As I mentioned, the Fourteenth Amendment says there has to be equal protection under the law. If we started there as an ethical matter, a constitutional-­cultural matter, where would that get us? If we could have that conversation as opposed to these extremely selective, highly dubious claims that are made on the part of the most privileged members of society about how their rights are under attack when of course this is false, then what would be possible?

What we get instead is a piecemeal focus on First Amendment issues, Second Amendment issues, Fourth Amendment issues—­the rights to free speech, to bear arms, and not to suffer unjust searches and seizures, respectively. And the Citizens United case is an example of that. This becomes a free-speech issue as opposed to whatever other kind of interesting conversation it could be, and the First Amendment is used to shut down conversations instead of begin them.

lessig: I think what we have to focus on in a very precise way is: What are the steps that could get us to a place that could make the democracy a responsive democracy? How do we break this deeply unrepresentative system that we have right now?

The U.S. Constitution has the provision in Article V to allow us to call a convention to propose amendments. If two-­thirds of the state legislatures vote to convene it, the Constitution requires it. That’s what we need to do.

edwards: I’m a little leery about opening up the whole show in a constitutional convention, but I think it’s worth thinking through how something like that might be done in a way that doesn’t allow for monkey business, especially from conservatives.

I don’t think the current political process really positions us to work through these constitutional challenges.

seidman: I don’t think we need another constitutional convention. You know what would happen? The country would come apart at the seams. And the reason it would come apart at the seams is because if we really confronted the things that divide us, and really were honest about them, there would be no reconciliation.

To start with, there would be a huge fight about whether the United States is a Christian country. And if we confronted that, God knows what would happen. It’s a little like a marriage—­there are perfectly successful marriages that go on for years and years in which the spouses are happy, and the reason they’re happy is precisely because they never actually sit down and have a deep conversation about what the purpose of the marriage is.

lessig: I don’t think people are happy. We’re not talking about happy people. We’re talking about people who are not happy. That’s the point. We’re starting at a place where it’s not working.

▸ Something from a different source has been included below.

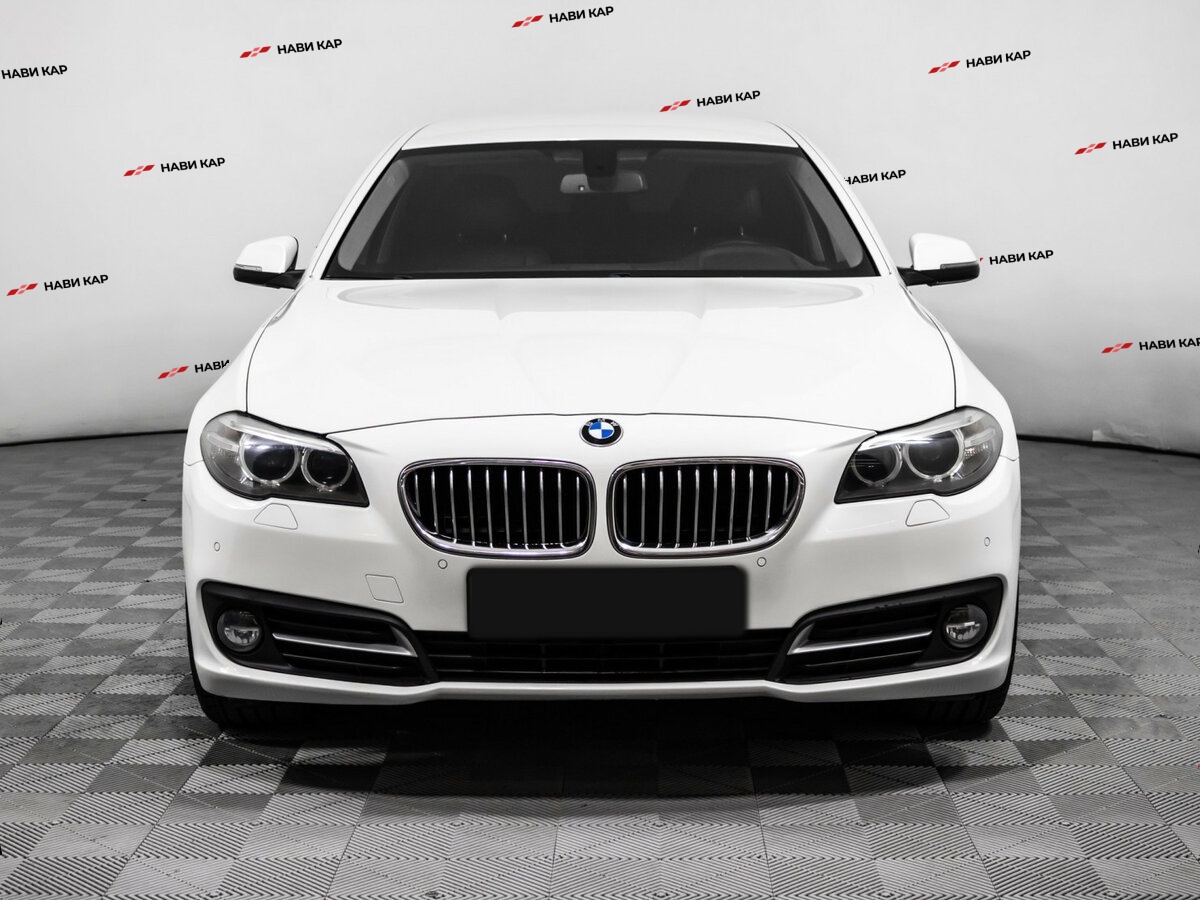 BMW 5 серии с пробегом — 2015 год. Фото: #1
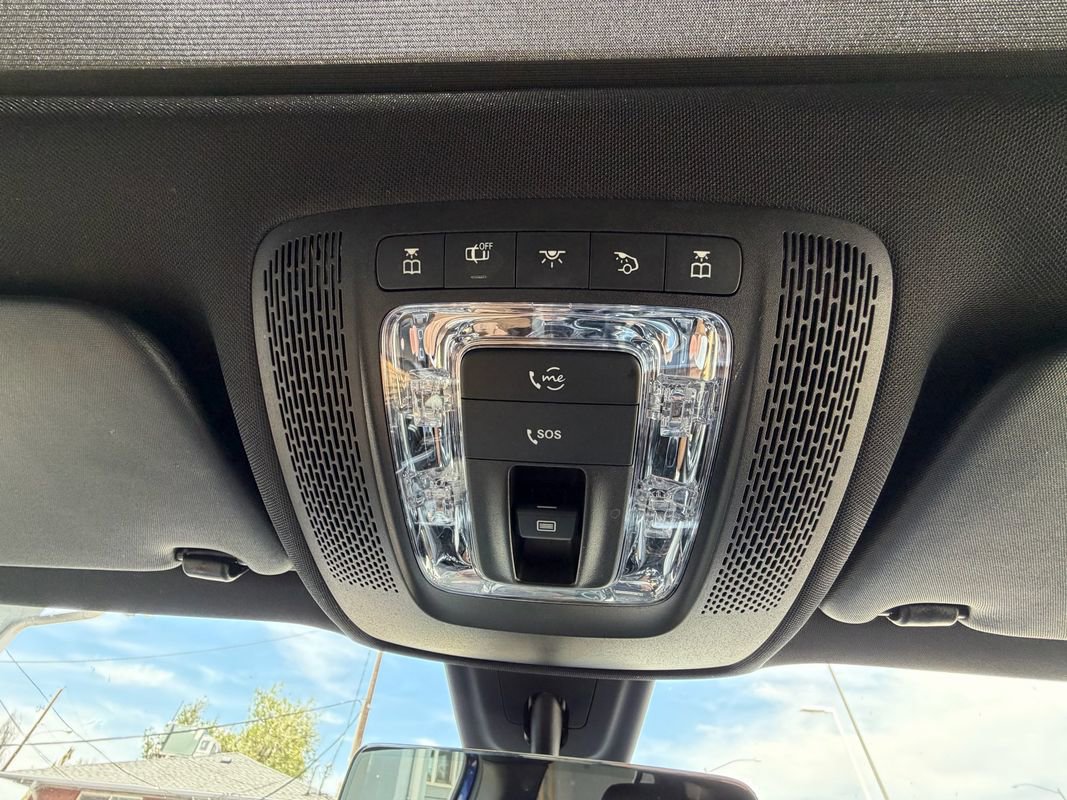 Used 2021 Mercedes-Benz GLB 250 4MATIC image 36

seidman: But they’d be less happy. What keeps the United States together in the end is not some deep agreement about the philosophical issues that would surface if we really tried to rewrite the Constitution.

What keeps the country together—­to the extent it is still together—­is a much looser sense that we’re all in this together, that we sink or swim together, and some very loose ideas about tolerance and equality. If you try to put that into a legal text, things are going to come apart at the seams.

lessig: But, Mike, this is a false dichotomy. You’re saying we couldn’t possibly have a convention that would rewrite the whole of the Constitution and our foundations as a country. I agree with that. Of course we can’t.

What I’m talking about is the fact that we have a constitution right now that creates a deeply corrupted process for selecting our representatives and our president, and we have no way to fix that, given the current way that the Constitution itself gets amended.

So this is not about agreeing on fundamental values; it’s about the smaller point of, “How do we get to a democracy that people actually feel represents them?” And that will only happen if we have some fundamental changes to the constitutional order, which we won’t get unless we figure out a way to amend the Constitution.

edwards: I think our system—­and especially our elected leaders—­are averse to change. But there is still a revolutionary spirit within the American public that doesn’t exist among elected leaders. People still want to tweak and change and reimagine the Constitution; they just don’t feel as though they have any way to do so. But maybe they do—they just don’t realize it.